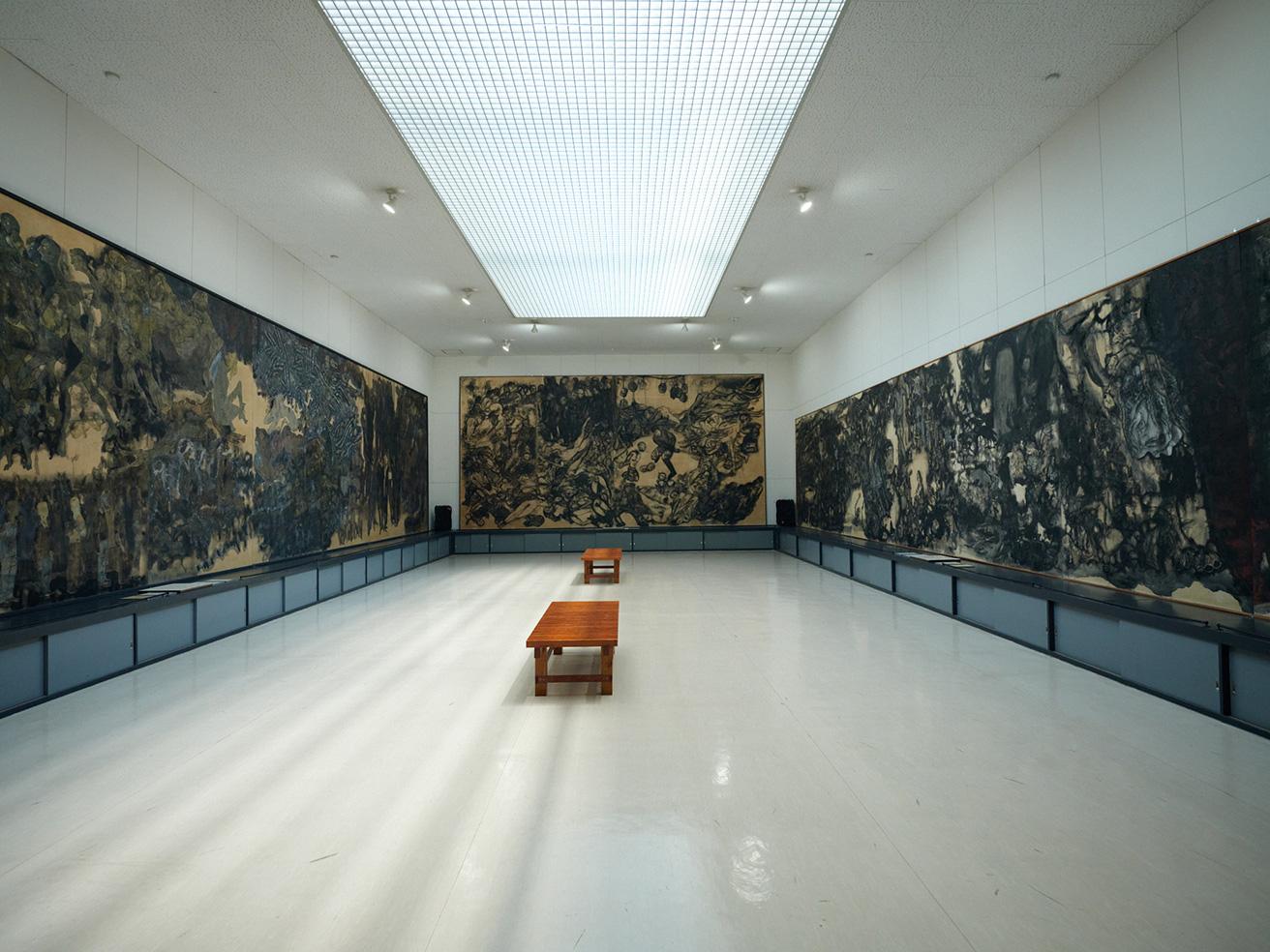 〈原爆の図　丸木美術館〉の展示室。奥に見えるのは《南京大虐殺の図》、左は《アウシュビッツの図》、右は《水俣の図》。丸木夫妻は原爆だけでなく、弱者にふるわれるさまざまな暴力に目を向けた。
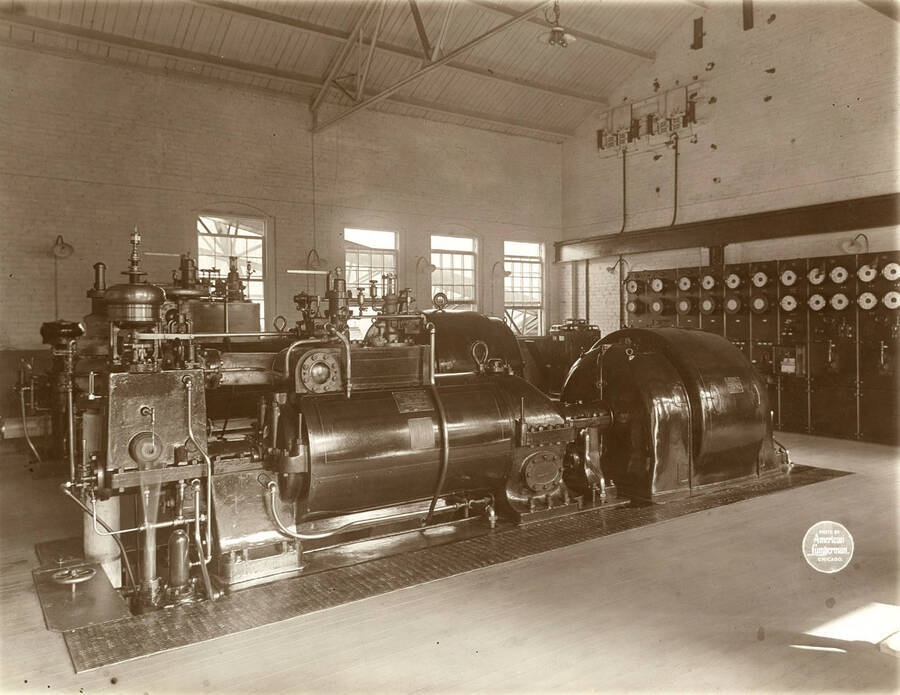 Two Westinghouse-Parsons steam turbines and Dynamos and switch board. 625 K. W. 603 AMP; and 1000 KW, 963 AMP. Description taken from American Lumberman papers found within the folder. Photograph taken between September 28 and October 4.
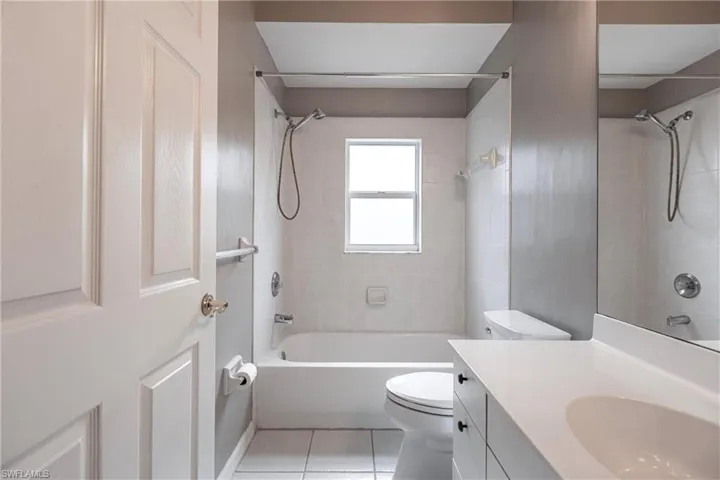 Full bathroom featuring tiled shower / bath combo, vanity, tile patterned flooring, and toilet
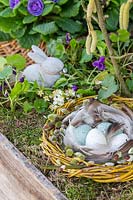 Wooden box with Easter nest made from willow twigs and coloured eggs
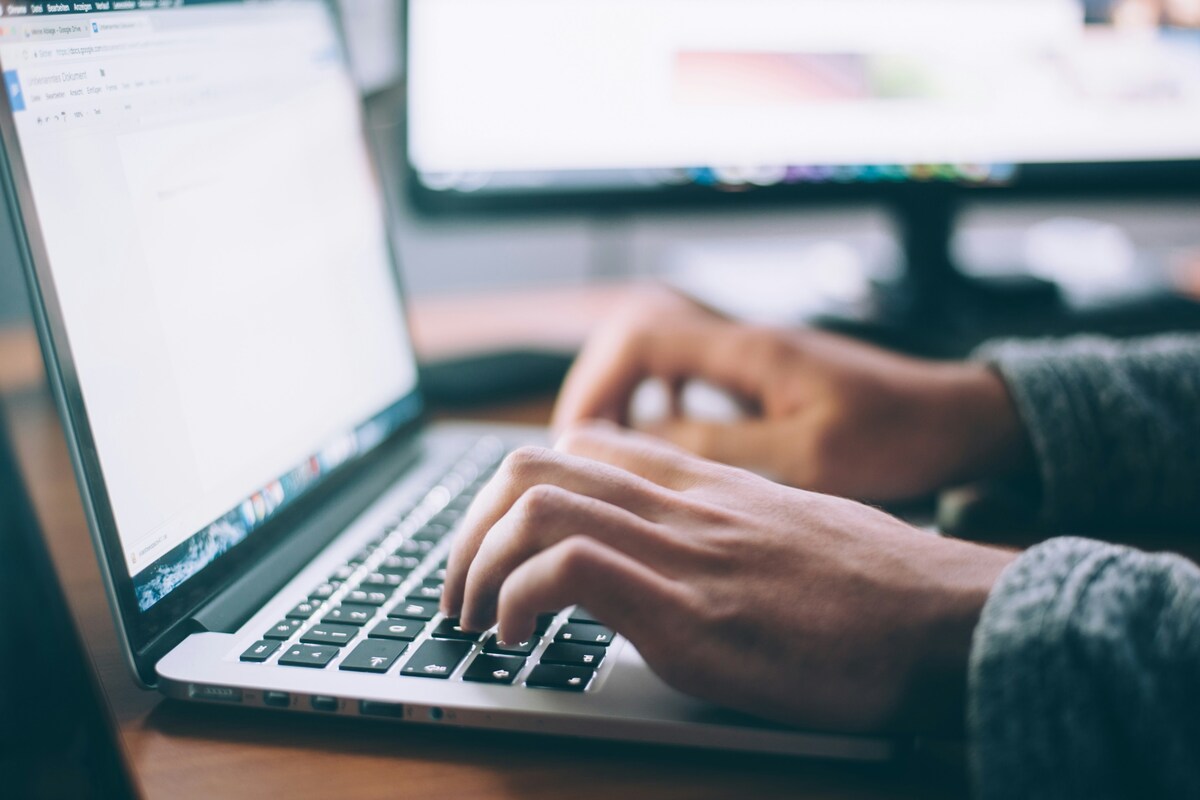 Person working at a computer receiving technical assistance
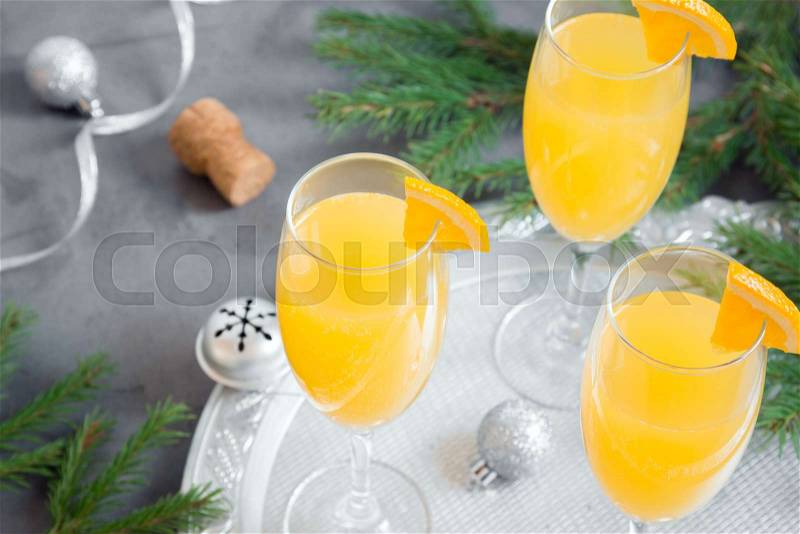 Mimosa festive drink for Christmas - Champagne cocktail Mimosa with Orange juice for Christmas party, copy space, stock photo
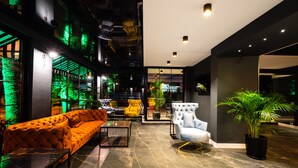 A modern lobby with a sofa, armchairs, and a potted plant.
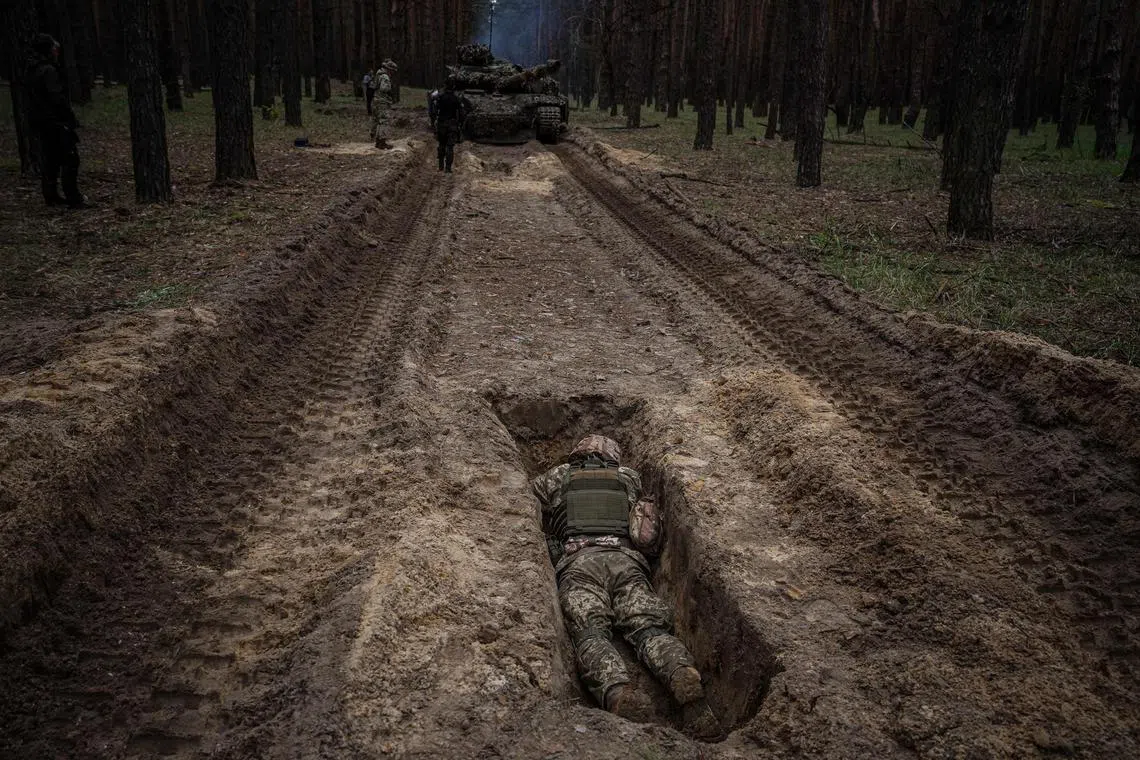 A Ukrainian serviceman laying in a trench during a military exercise in the Kharkiv region on May 1, 2023, amid the Russian invasion of Ukraine. 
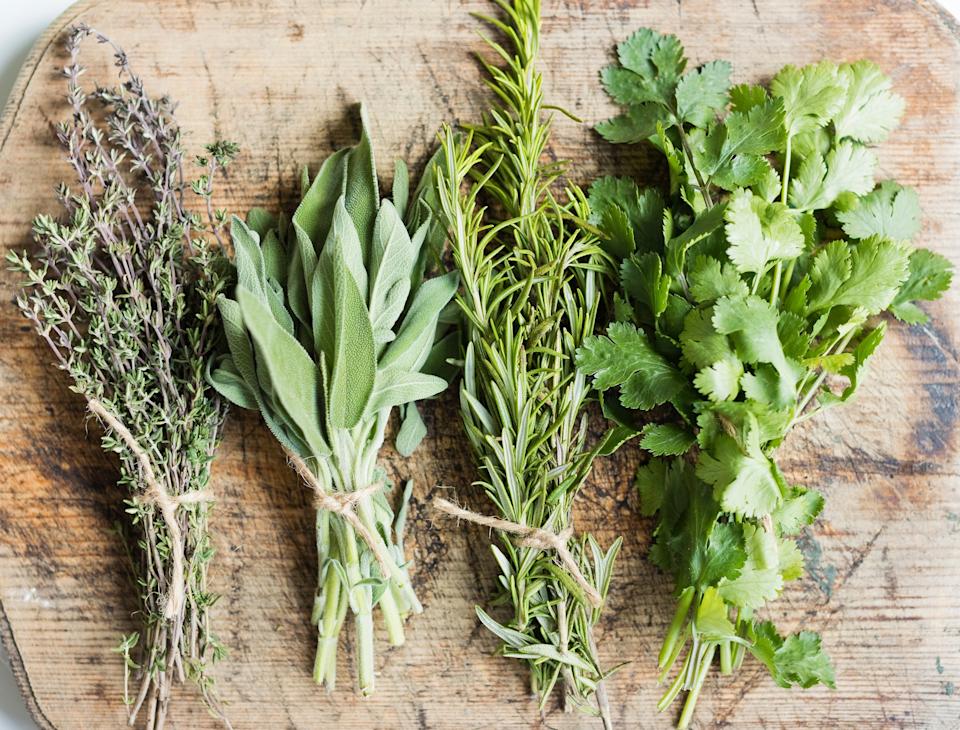 Bundles of fresh herbs tied with twine on a wooden surface: thyme, sage, rosemary, and cilantro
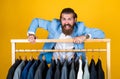 Dry cleaning service. style and people concept. Handsome man in smart casual wear looking at suits and choosing. stylish Royalty Free Stock Photo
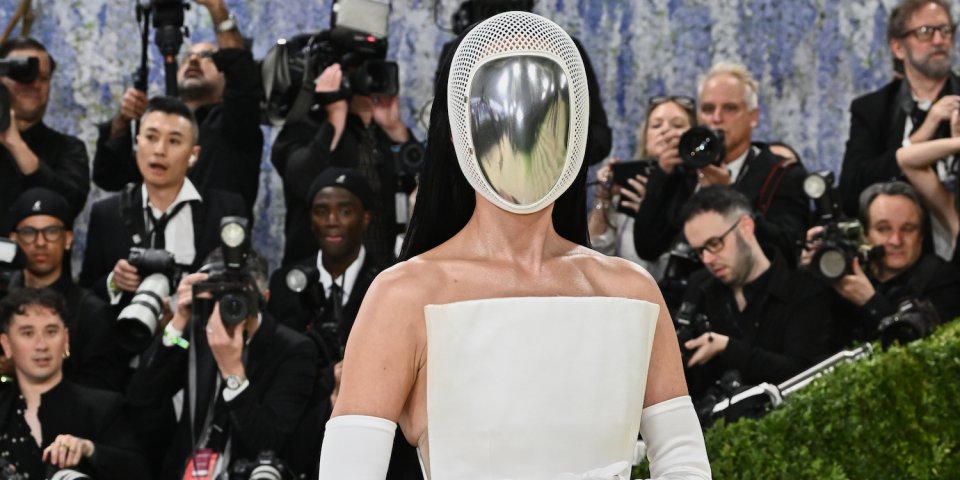 Foto einer Person mit verspiegelter Helmmaske in weißer Robe auf rotem Teppich; Fotografen dahinter.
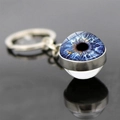 Creative blue eye glass ball keychain with silver metal ring on reflective black surface - Deep Blue Iris Style (JY009359-7)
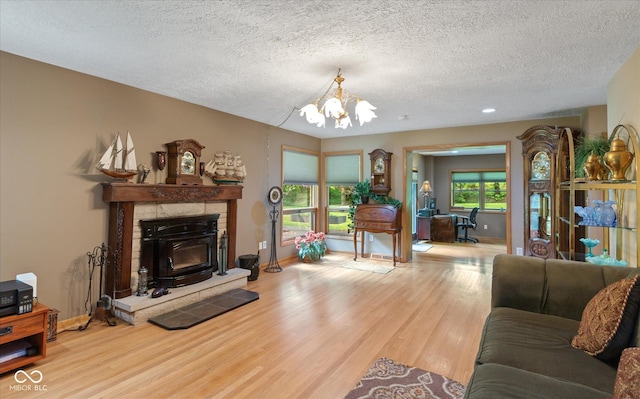 living room featuring a chandelier, wood finished floors, a textured ceiling, baseboards, and a fireplace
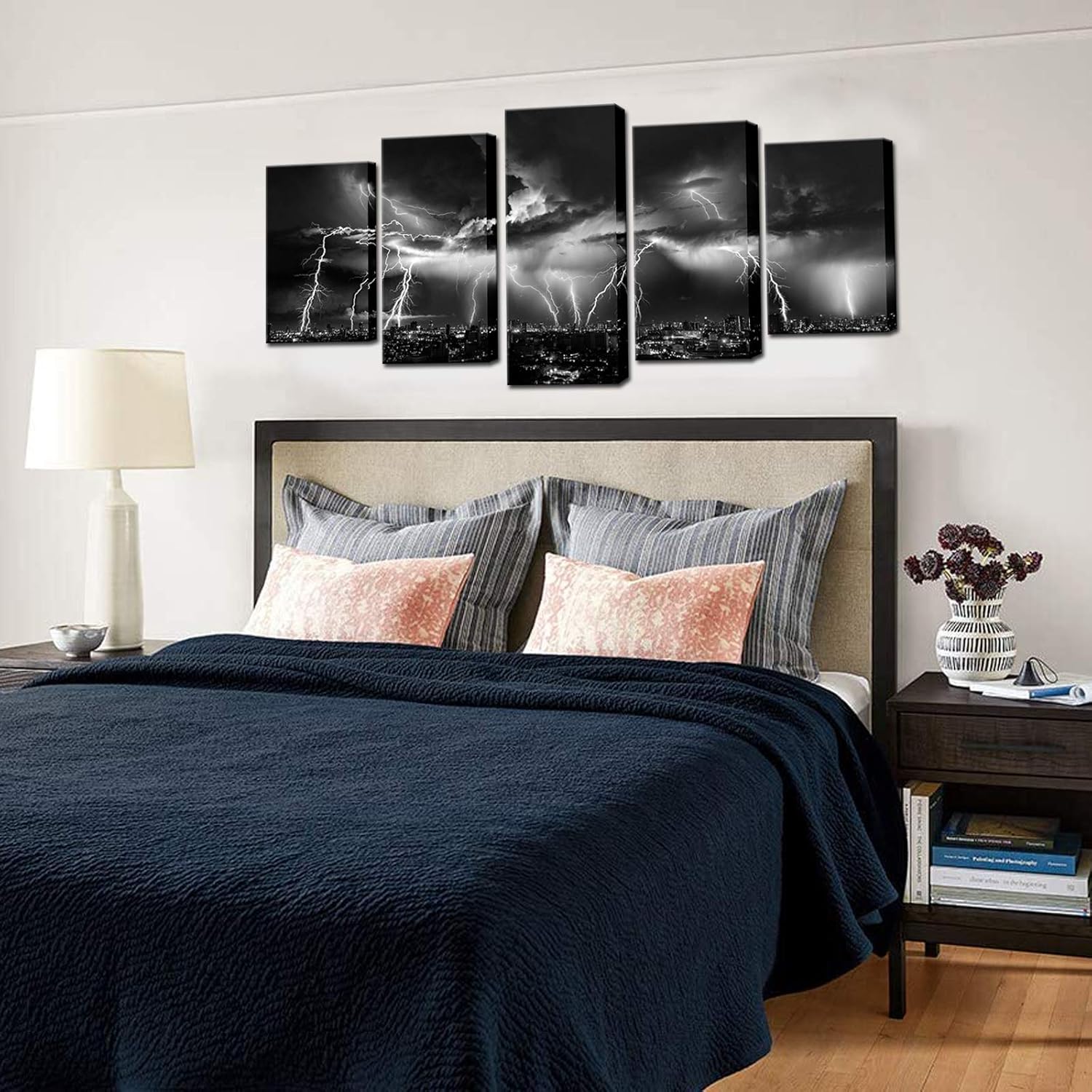 Black and white lightning wall art depicting a stormy city night view above a cozy bedroom with decorative pillows.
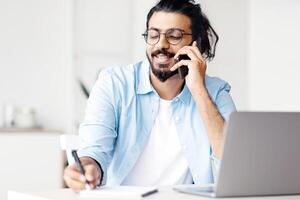 Young Arab Male Entrepreneur Talking On Cellphone And Taking Notes In Office, Handsome Eastern Manager Guy Sitting At Desk With Laptop And Noting Information To Notepad, Speaking With Client photo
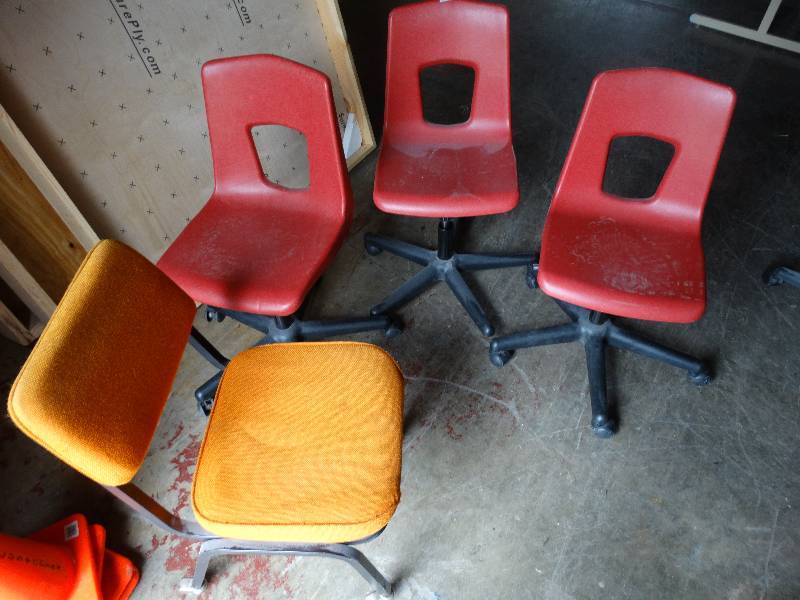 lot 659 image: 3 red swivel rolling chairs 1 orange chair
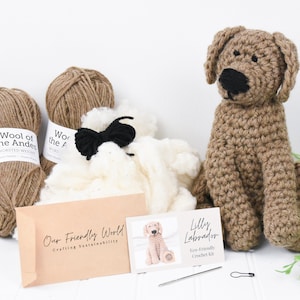 May include: A brown crochet kit for making a Labrador puppy. The kit includes brown yarn, white stuffing, black yarn for the nose and eyes, and a crochet hook. The kit also includes a card with the text "Lilly Labrador Eco-Friendly Crochet Kit" and a picture of the finished puppy.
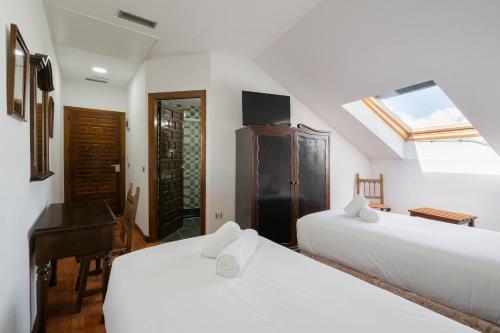 a bedroom with two white beds and a piano at Hotel La Quinta de Santillán in Chinchón
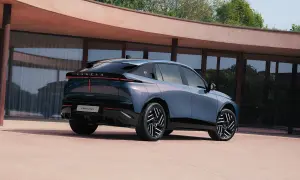 Lancia Gamma 2026, un'elegante berlina blu metallizzato con fari posteriori a LED, parcheggiata davanti a un edificio moderno.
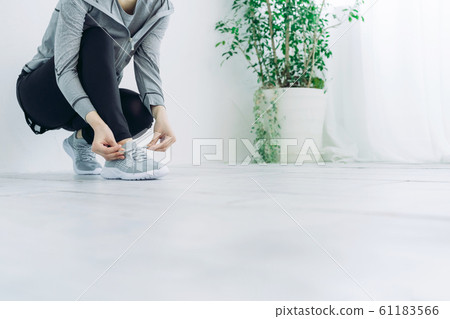 Woman tying shoelaces Woman tying shoelaces 61183566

Exercise requirements: Transcribe exactly the lines from the one containing "Creative blue eye" through the last line of the records above, and nothing else. Leave out the pictures.

Result of this task:
 Creative blue eye glass ball keychain with silver metal ring on reflective black surface - Deep Blue Iris Style (JY009359-7)
 living room featuring a chandelier, wood finished floors, a textured ceiling, baseboards, and a fireplace
 Black and white lightning wall art depicting a stormy city night view above a cozy bedroom with decorative pillows.
 Young Arab Male Entrepreneur Talking On Cellphone And Taking Notes In Office, Handsome Eastern Manager Guy Sitting At Desk With Laptop And Noting Information To Notepad, Speaking With Client photo
 lot 659 image: 3 red swivel rolling chairs 1 orange chair
 May include: A brown crochet kit for making a Labrador puppy. The kit includes brown yarn, white stuffing, black yarn for the nose and eyes, and a crochet hook. The kit also includes a card with the text "Lilly Labrador Eco-Friendly Crochet Kit" and a picture of the finished puppy.
 a bedroom with two white beds and a piano at Hotel La Quinta de Santillán in Chinchón
 Lancia Gamma 2026, un'elegante berlina blu metallizzato con fari posteriori a LED, parcheggiata davanti a un edificio moderno.
 Woman tying shoelaces Woman tying shoelaces 61183566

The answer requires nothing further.